Torrington conference gives boost to locally-based ag economies

Sheridan's Sam Western writes for The Economist, WyoFile and an assortment of other publications on issues important to Wyoming and the high and dry West. His latest piece for WyoFile is about agriculture. Sam's not an aggie, and neither am I, but we both know that corporate large-scale ag has proven destructive to the High Plains. Not only on the landscape but on the human culture.

The "localvore" movement may have a partial solution. A recent ag summit was held in Torrington. The local Table Mountain Winery participated, as did Meadow Maid Farms out of Yoder which offers an increasingly popular CSA program.

But Sam's article tells it better in today's Wyofile story:

"Wyoming agriculture is beginning to plant new seeds, and poor counties, known for monoculture, lead the way," reports WyoFile correspondent Sam Western.

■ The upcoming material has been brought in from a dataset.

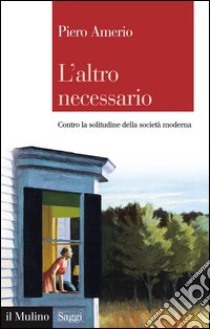 L'altro necessario: Contro la solitudine della società moderna. E-book. Formato EPUB ebook di Piero Amerio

Sam found himself very pleasantly surprised in late summer when a conference in Torrington featured delicious meals from local producers. He went on to examine what the local food movement, and what new ventures in agriculture might mean to the traditionally agricultural, and poor, counties in southeast Wyoming. As a small supplement to the economic changes that recent oil industry interest in the Niobrara formation may bring, that is.

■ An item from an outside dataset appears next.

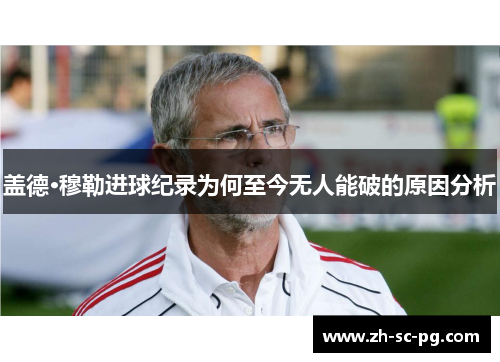 盖德·穆勒进球纪录为何至今无人能破的原因分析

The problem in modern agriculture, declared Torrington conference speaker Joel Salatin, "is creating holistic, complementary systems to create salaries for the next generation. The average age of the American farmer is 60 years old. Farmers hit retirement age and then give it to the kids. That’s too late. The time to pick up that youthful enthusiasm is when they are 16-18 years old. We need to build enough income into farms to hire ourselves and our children and next generation."

Some of these topics will be discussed at a state-sponsored conference on AgriFuture, starting tomorrow, Oct. 13, in Evanston. And meanwhile the legislature may be weighing in on issues regarding sales of home-made food from local products: a bill to exempt such sales from safety regulation got a committee endorsement in Buffalo earlier this month, despite serious objections from food safety experts.